The Princess and the Goblin.
MacDonald is well-known for being an idol of C.S. Lewis and, to a lesser degree, of J.R.R. Tolkien. This is the second story of his I have read and it is quite wonderful.
As before, I came away a little confused by the imagery of this “Christian” (as he is packaged today) author. The main image in this book is that of the Princess Irene’s great-grandmother who can only be seen by those who believe in her, or whose light can be seen by those she wishes to save. These are concepts clearly familiar to Christianity, and yet this magical person is a woman: unusual.
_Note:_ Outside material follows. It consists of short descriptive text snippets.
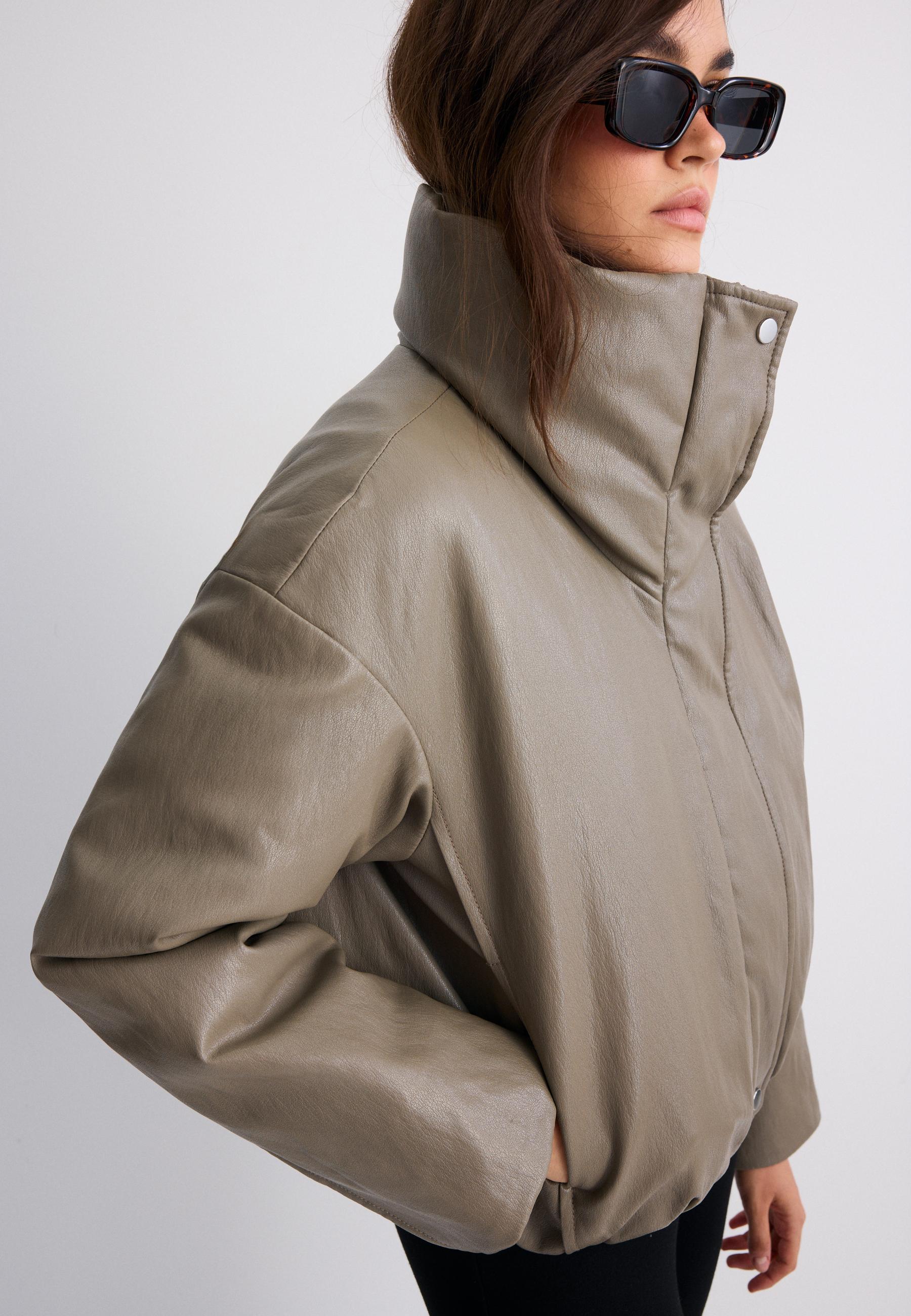 Leather effect high neck puffer jacket — Grey
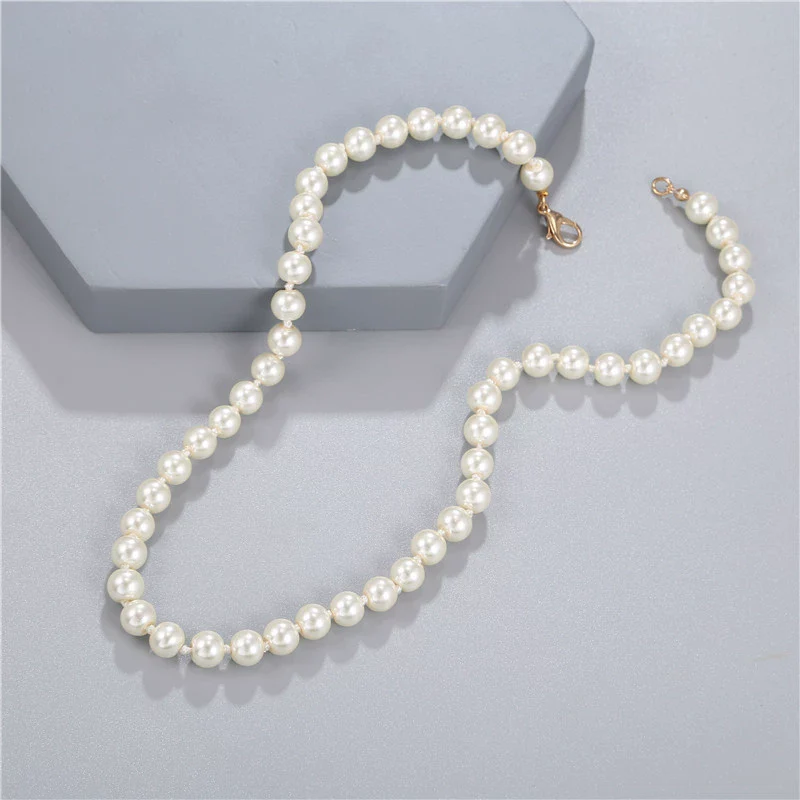 Unisex Handmade Geometric Imitation Pearl Stainless Steel Bracelet - Image 9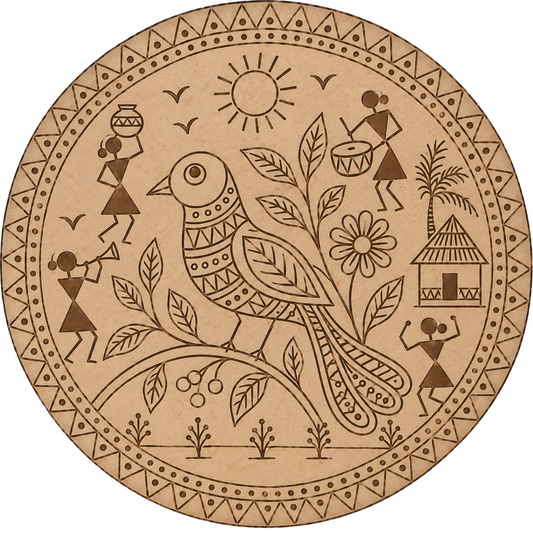 Warli Bird with Village Life & Sun Engraved MDF Wall Art - DIY - Pre-Marked MDF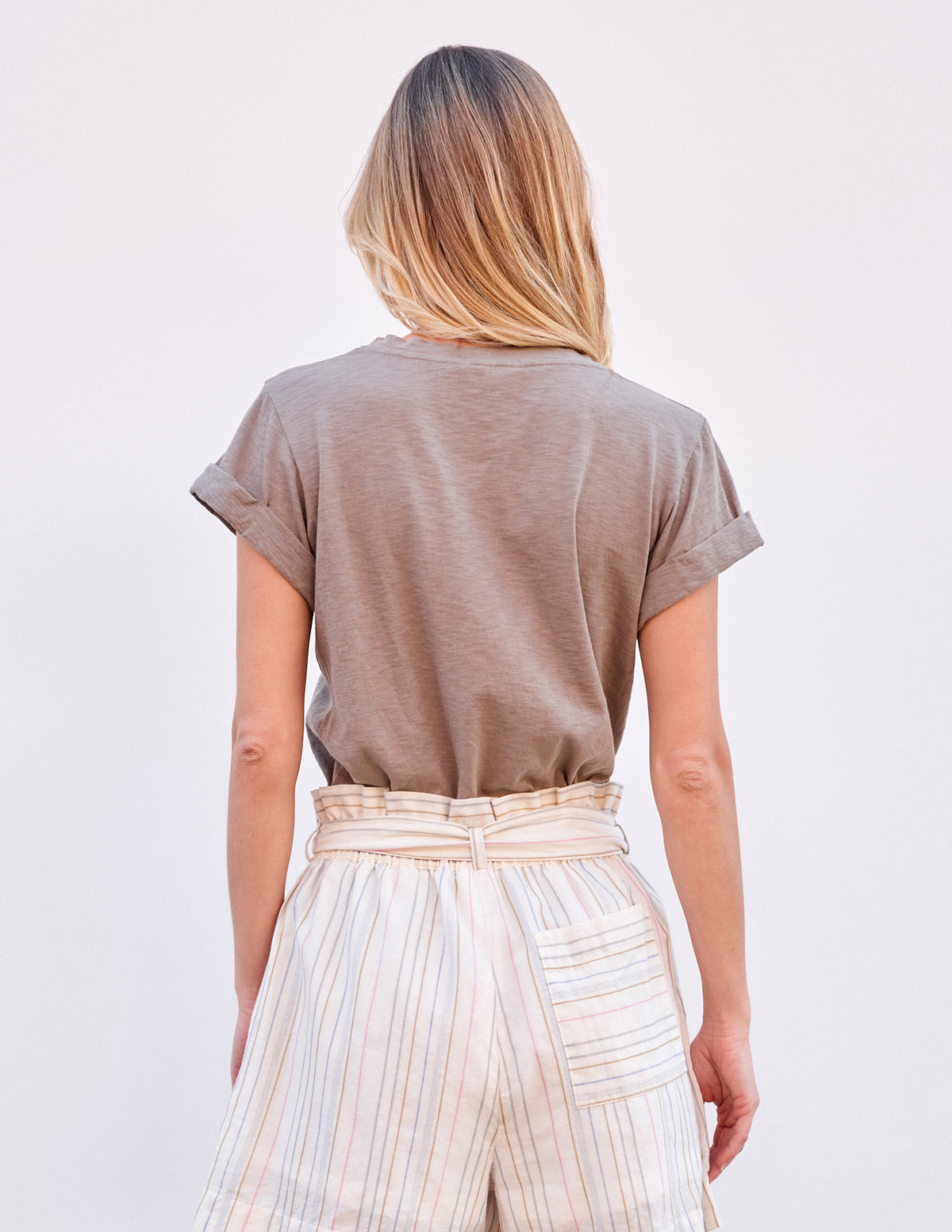 Sundry Rolled Sleeve Tee in Sage-back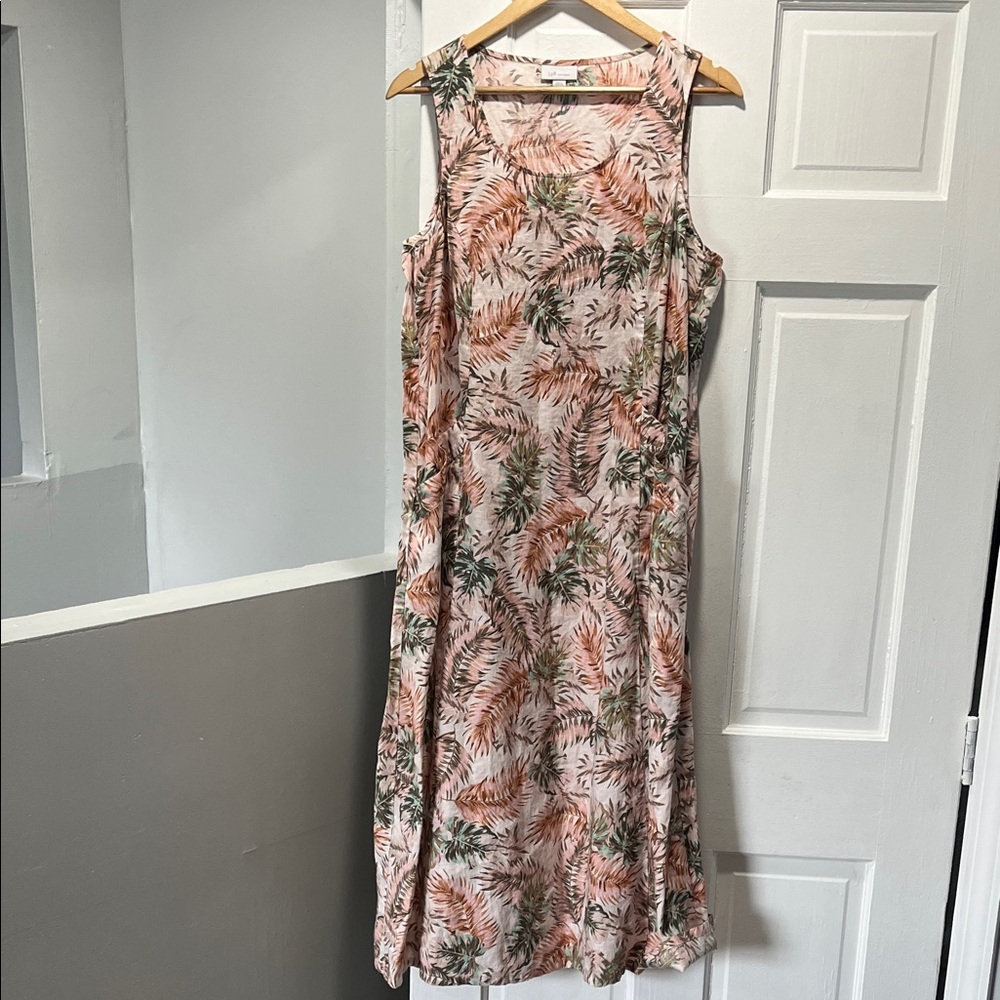 J Jill Love Linen Sleeveless - Pink and Green Tropical Print Dress with pockets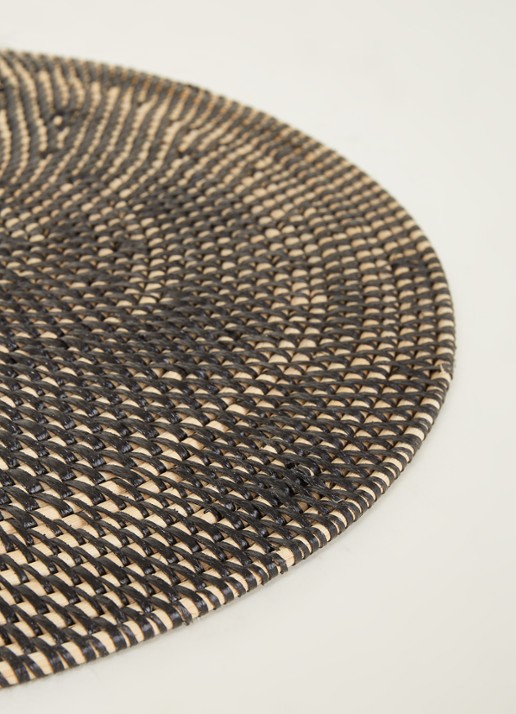 Tiseco Rattan placemat 36 cm  - detail zwart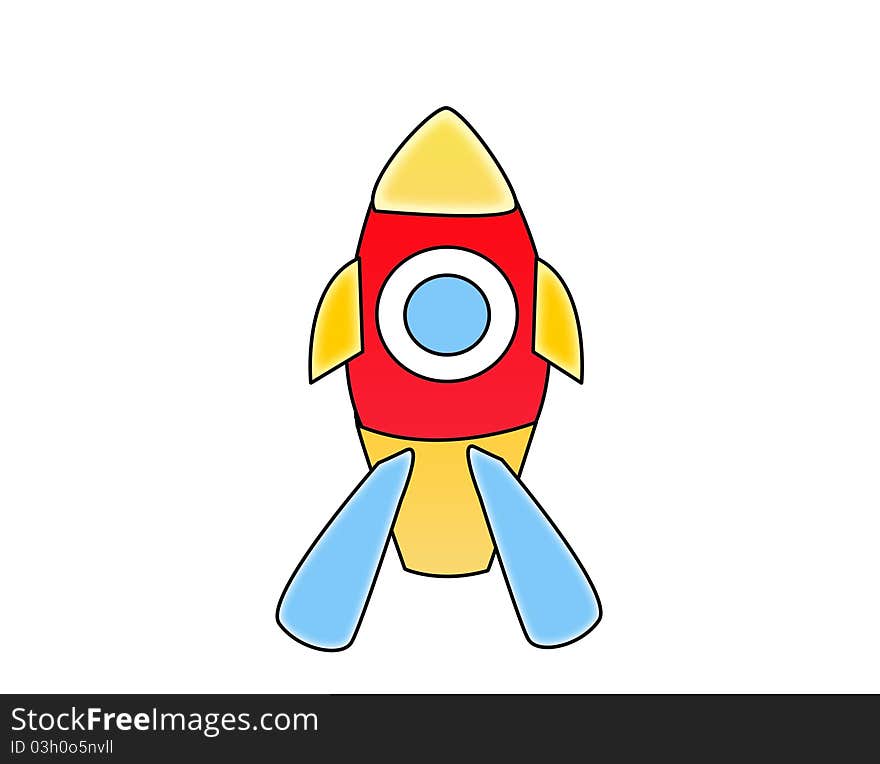 Cartoon rocket on a white background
Compare this to Lewis’ Aslan, who — although a lion — is both male and masculine.
Another note of interest is MacDonald’s acceptance of and use of evolution. Although approached from a fantasic storyteller’s point of view rather than a scientific one, MacDonald makes liberal use of the theory which is now fought against by so many Christians. These two extended metaphors (among others) make me belive that MacDonald’s faith is more personal than the over-politicized faith of some today. It would be interesting to read his original romance novels and compare them to the modern ‘reprints’ edited for a specifically Christian audience. I wonder what exactly needed to be “edited” out of or into these novels? Surely MacDonald is a superior writer to his editor!
In an interesting twist on the Genesis account of the Flood, the goblins in this story wanted to mate with the “higher species” (princess) and were punished for that desire. In Genesis, fallen man had become even worse by the nephilim who had taken the women as mates.
Fun story, well told. Highlight of ridiculous writing: foot-stomping fights.